PROBLEM DESCRIPTION: Look below for the line that contains "Gödel's Market: Put-Call Parity Calculator", then quote it and all the lines after it, exactly, with the pictures left out.
==== DATASET
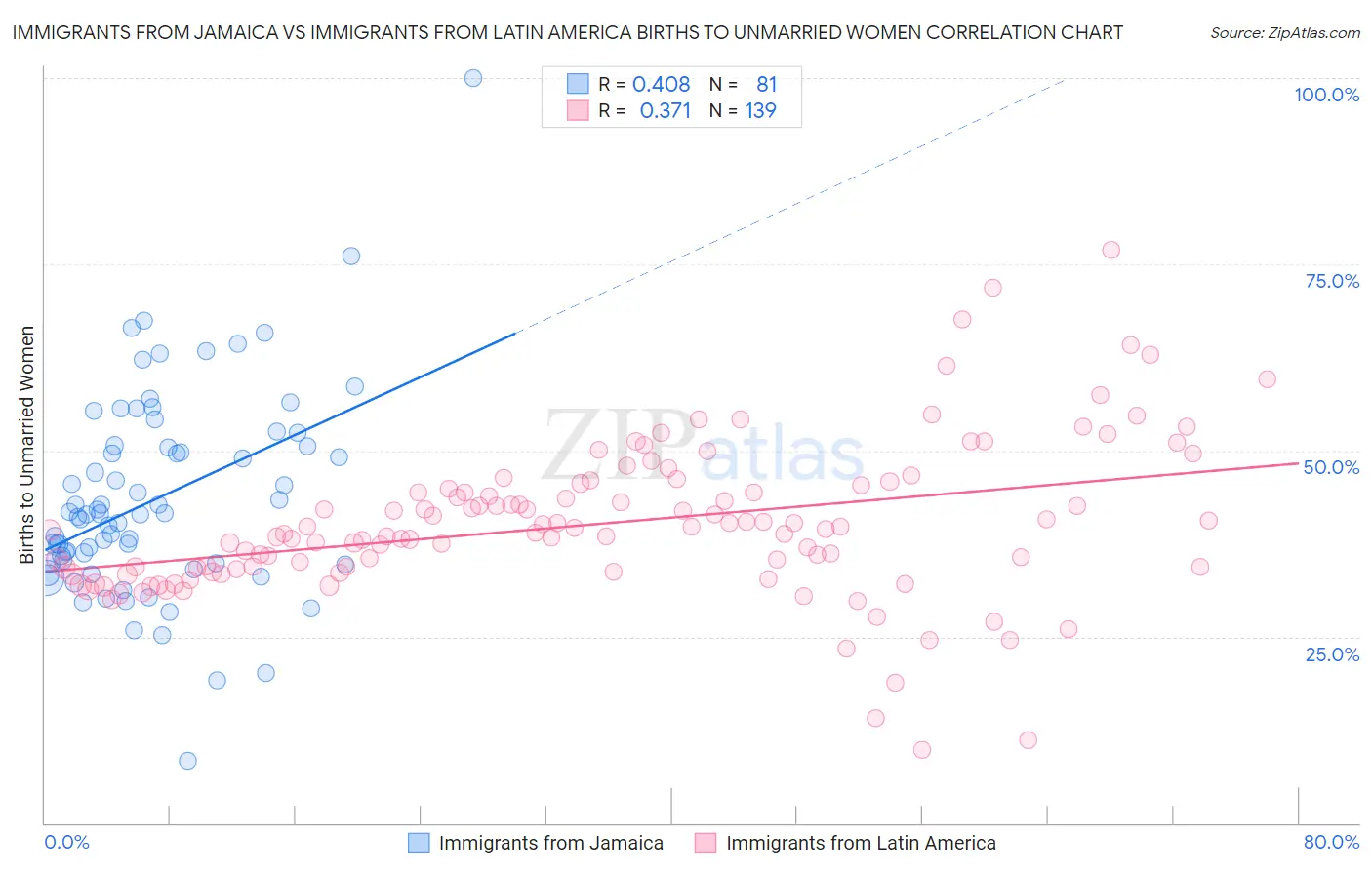Immigrants from Jamaica vs Immigrants from Latin America Births to Unmarried Women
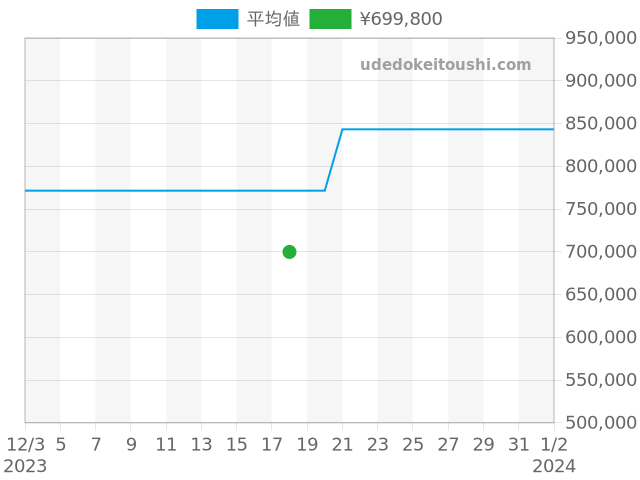 ルミノール 42mm PAM00535の過去販売価格（2023年12月18日）のグラフ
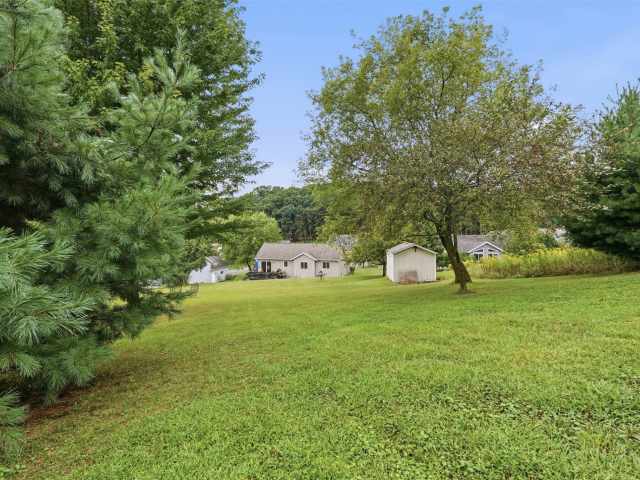 Eau Claire Residential Real Estate
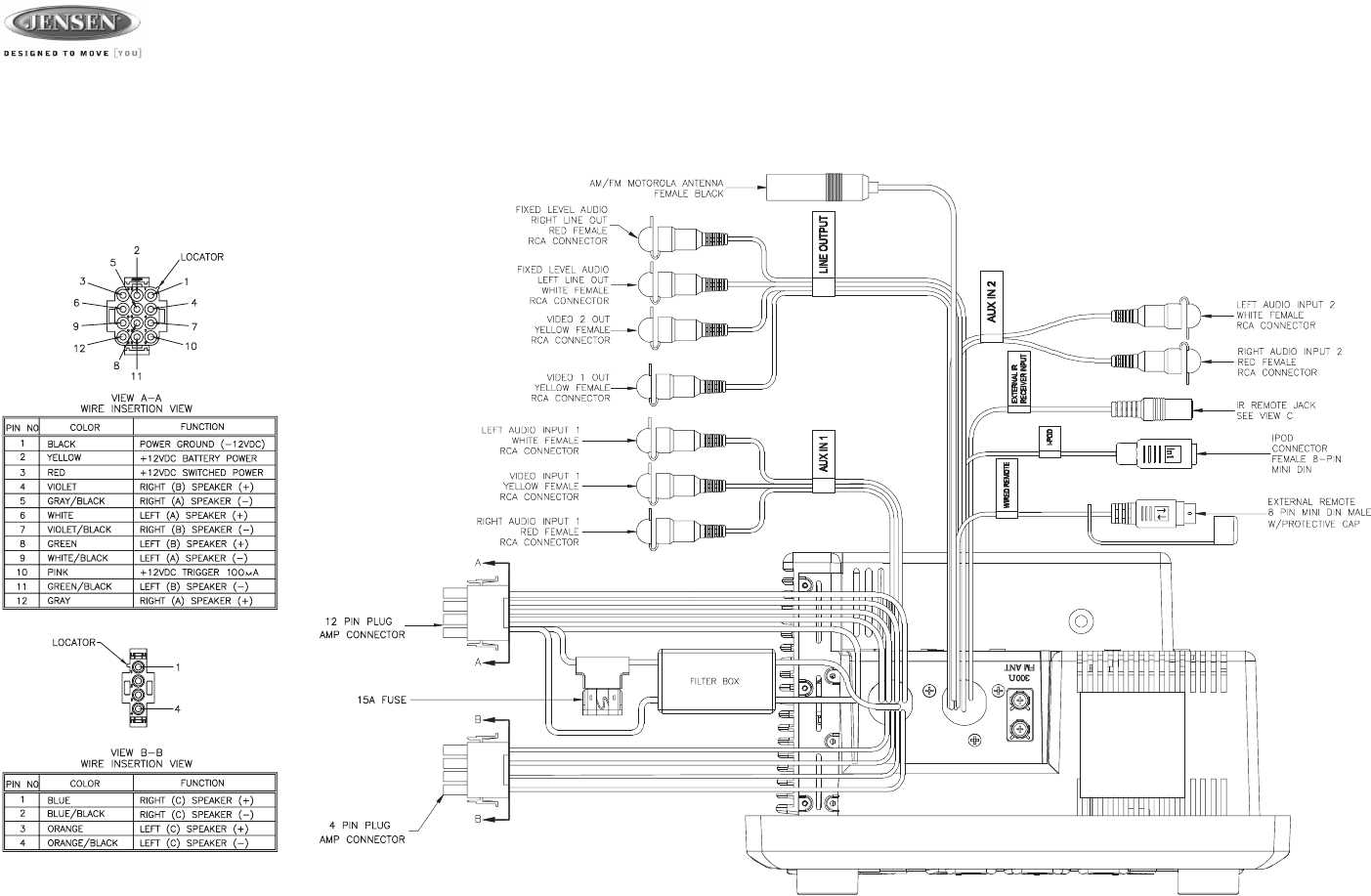 jensen mpr210 wiring diagram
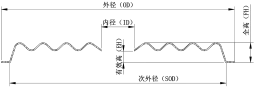 QT0014108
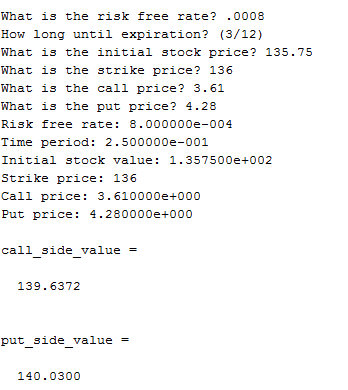 Gödel's Market: Put-Call Parity Calculator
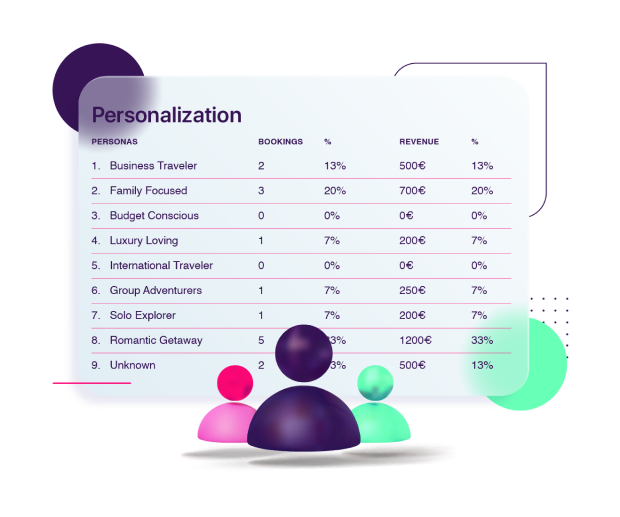 Personalization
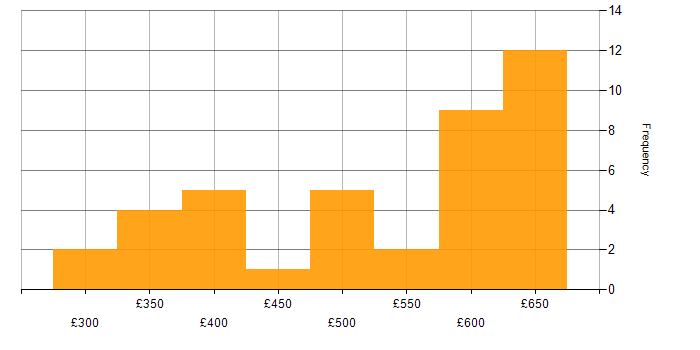 Daily rate histogram for React in the Thames Valley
========
WORKED SOLUTION:
 Gödel's Market: Put-Call Parity Calculator
 Personalization
 Daily rate histogram for React in the Thames Valley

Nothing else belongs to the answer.